System design interview guide
Design a Basic Auth System
TL;DR: You’re building **username/password auth** with **sessions** for web and mobile: sign-up, login, logout, optional **remember device**, and **password reset**—while attackers run **credential stuffing**, **brute force**, and **session theft** against you every day. The interview rewards **threat modeling** and **boring** crypto hygiene, not inventing a new token format.
Problem statement
You’re designing authentication for a web and mobile product: registration, login, logout, session establishment and validation, optional remember device, and password reset—with industry-standard password handling and abuse resistance.
Constraints. Functional: credential verification; session lifecycle; reset flow at high level. Non-functionally: low latency on auth check path; resilience if session store degrades (with clear tradeoffs). Scale: millions of users; high read volume on session validation.
Center: hashing, session design, rate limits, reset safety—not custom crypto.
Introduction
Auth interviews are threat-led. Strong candidates name credential stuffing, session hijack, and enumeration before drawing five microservices. Weak candidates jump to JWT without saying why.
The core assets are password hashes, session identifiers, and reset tokens—each has different rotation and revocation rules.
How to approach
List what you store (hash parameters), session shape (opaque vs JWT), abuse controls on login and reset, and logout semantics (server-side revoke). Order beats breadth.
Interview tips
- HttpOnly Secure SameSite cookies for browser sessions—reduces XSS stealing token from JS (not eliminates).
- Rate limit login by IP + account with exponential backoff; CAPTCHA after N failures.
- Generic errors on login (“Invalid credentials”)—log detail server-side for support.
- Password reset links are bearer secrets—one-time, short TTL, hash token at rest.

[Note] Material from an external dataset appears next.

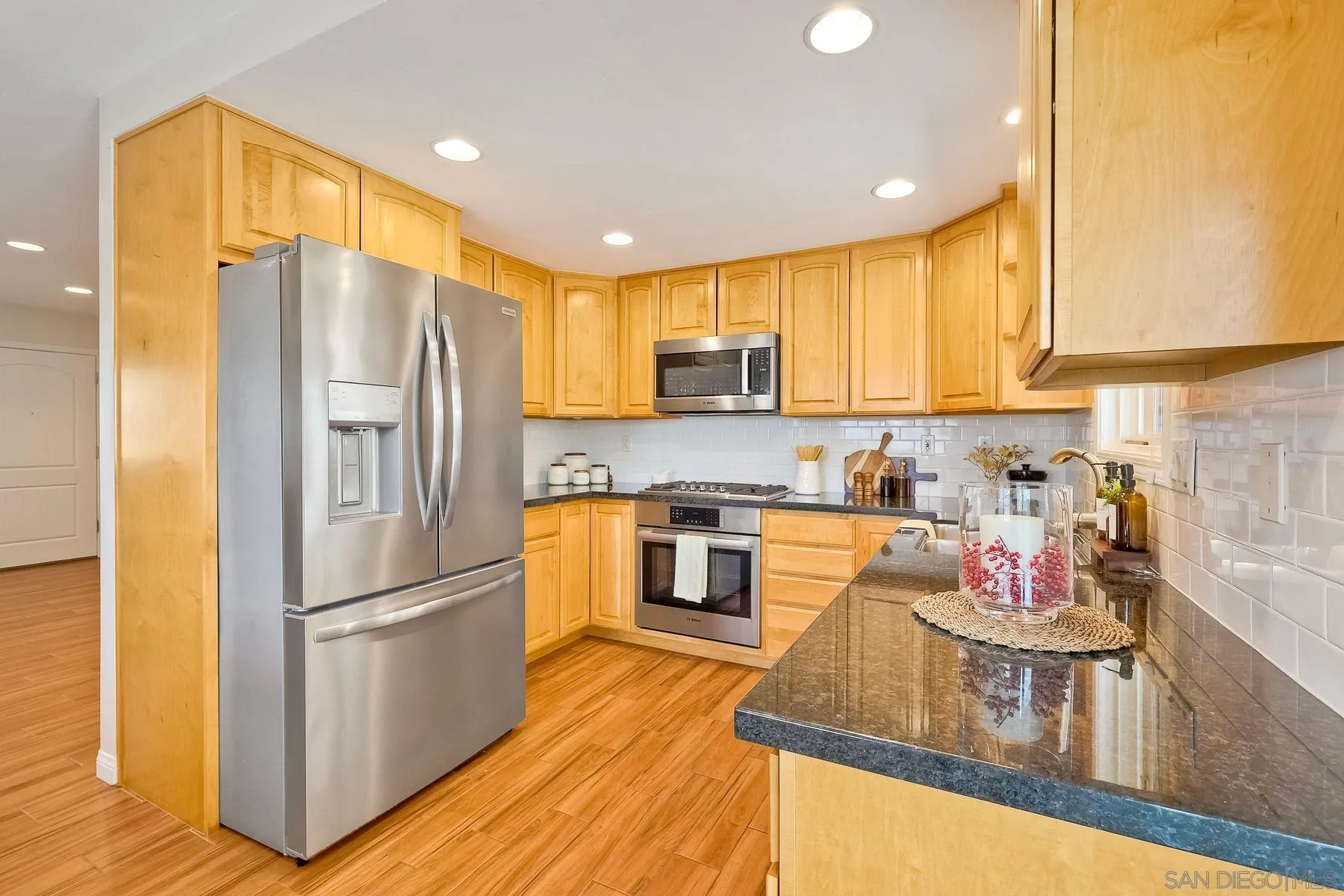 8850 Ellsworth Circle Santee, CA 92071 - Photo 11 of 29 a kitchen with kitchen island granite countertop wooden floors stainless steel appliances and cabinets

- JWT: short access + refresh rotation if you need revocation story—or opaque sessions in Redis.
Capacity estimation
| Topic | Note |
|---|---|
| Login QPS | Spiky during abuse—rate limits protect you |
| Session validation | Every API call—cache hit ratio dominates |
| Password hash | Argon2 budget ~tens of ms per login—not per request |
Implications: session lookup must be O(1) and partitioned; do not re-hash password on every API request.
High-level architecture
The auth service owns the credentials table (hash column), session store (Redis), and reset tokens. The API gateway or app services validate sessions via a shared library or central introspection. Secrets live in KMS; no plaintext passwords in logs.

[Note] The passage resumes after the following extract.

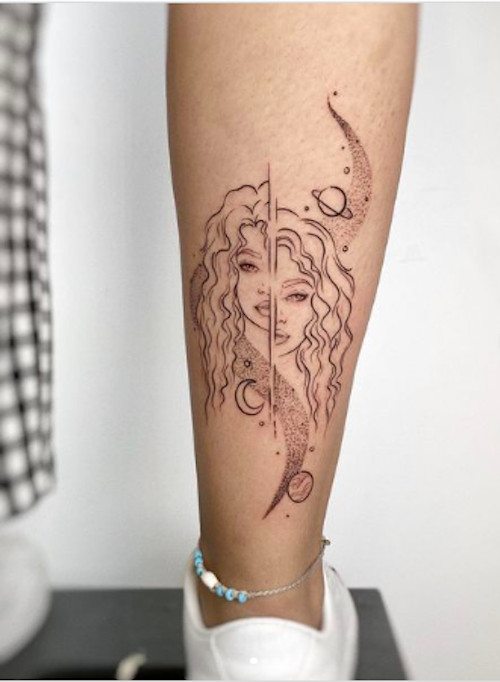 Stylized Gemini twins tattoo with geometric shapes on the shoulder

[ Client ] --> Login --> Auth svc --> verify hash --> issue session id
|
v
Session store (Redis): session_id -> user_id, exp, version
Subsequent requests:
Client --> GW --> session lookup / JWT verify --> upstream
In the room: Separate login (rare, expensive hash) from session check (frequent, cheap lookup).
Core design approaches
Opaque sessions
Random session_id in cookie; server stores metadata; revoke by delete.
JWT
Signed claims; stateless verify; revocation is hard—pair with short TTL + refresh or blocklist for logout and compromise.
Password reset
Random token → email link → POST to set new password → optionally invalidate all sessions.
Detailed design
Sign-up
- Validate password policy; optionally reject breached passwords (Have I Been Pwned API).
- Hash with Argon2id; store salt + hash + params version.
- Create session or require email verification first—product call.
Login
- Rate limit by
(IP, username). - Lookup user by normalized email; constant-time compare hash (or always hash dummy) to reduce timing leaks.
- Rotate session; audit success/failure.
Session validation
Cookie or Authorization: Bearer; lookup session → user_id + version; check global logout version if used.
Logout
Delete session row (opaque) or increment version (JWT family).
Key challenges
- Enumeration: same response time and shape for unknown email is hard; balance with UX.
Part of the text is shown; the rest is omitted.